O Decreto 2.521/1998 e a Resolução 4.777/2015 da ANTT determinam que as viagens por fretamento sempre ocorram com o mesmo grupo de pessoas nos trajetos de ida e volta. Essa regra é conhecida como circuito fechado.
Via judicial
A fretadora acionou a Justiça e a 9ª Vara Federal de Pernambuco suspendeu, em liminar, a decisão administrativa da ANTT. Com isso, a autora ficou livre para prestar o serviço com a intermediação da Buser.
A autarquia federal, então, recorreu ao TRF-5 e argumentou que a venda de passagens por meio da plataforma é uma forma de simular uma viagem de grupo fechado de pessoas para, na prática, cobrar passagens de consumidores com interesses distintos.
Segundo a ANTT, isso caracteriza concorrência desleal com relação às empresas que operam as linhas regulares, pois as fretadoras conseguem prestar o mesmo serviço, mas sem estarem submetidas à mesma regulamentação.
Assim, as empresas que atuam por intermédio da Buser não precisam, por exemplo, cumprir determinado itinerário ou oferecer gratuidade a idosos, pessoas com deficiência e jovens carentes. Também não se sujeitam ao mesmo regime fiscal.
No entanto, Coutinho, relator do caso no TRF-5, lembrou que o circuito fechado não é exigido das fretadoras por lei. Embora a regra esteja prevista em decreto e em resolução da ANTT, “a matéria referente à ordenação dos transportes terrestres deve ser determinada por norma legal”.
Guerra jurídica
O fretamento colaborativo no transporte rodoviário de passageiros vem sendo objeto de disputas judiciais em todo o Brasil nos últimos anos. A maioria dos casos dessa “guerra jurídica” é protagonizada pela Buser.
Estados como Ceará e Paraná, além do Distrito Federal, têm decisões contrárias à atividade da startup. Por outro lado, a empresa concentra um volume maior de decisões favoráveis em alguns dos estados mais populosos do país, como São Paulo e Rio de Janeiro.

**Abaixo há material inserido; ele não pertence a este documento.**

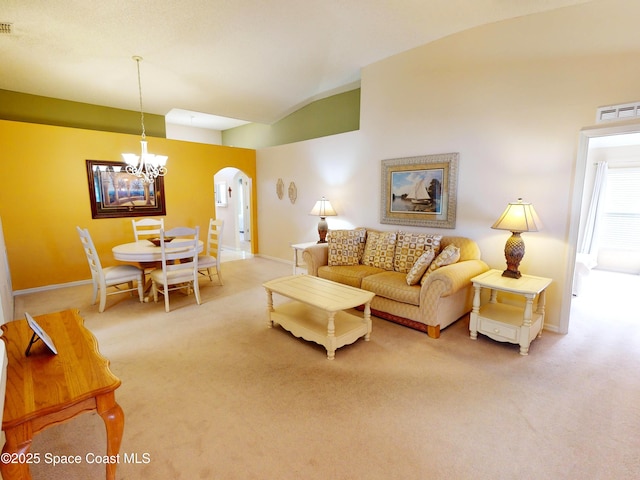 carpeted living room featuring lofted ceiling and a notable chandelier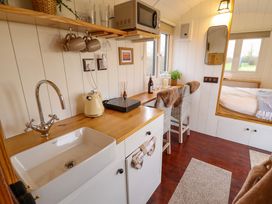 A small kitchen area with a sink kettle microwave and two chairs at a counter with a bed visible in the background at Shepherds Hut - Oak Temple Bruer near Lincoln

No último mês de fevereiro, o Tribunal Regional Federal da 3ª Região (TRF-3) autorizou, em todo o país, as viagens de ônibus fretadas em circuito aberto e proibiu a ANTT de autuar e apreender ônibus de viagens interestaduais intermediadas por plataformas como a Buser.
Especialistas ouvidos pela revista eletrônica Consultor Jurídico já apontaram alternativas para encerrar a polêmica envolvendo a Buser: a revisão da regulação (pela via administrativa ou legislativa) ou a fixação de um entendimento vinculante por parte do Supremo Tribunal Federal.
Segundo a Associação Brasileira dos Fretadores Colaborativos (Abrafrec), a ANTT vem cassando licenças para fretamento de várias empresas desde o começo deste ano. “Está clara a perseguição da agência em cima de quem faz fretamento em parceria com empresas de tecnologia”, diz Marcelo Nunes, presidente da entidade.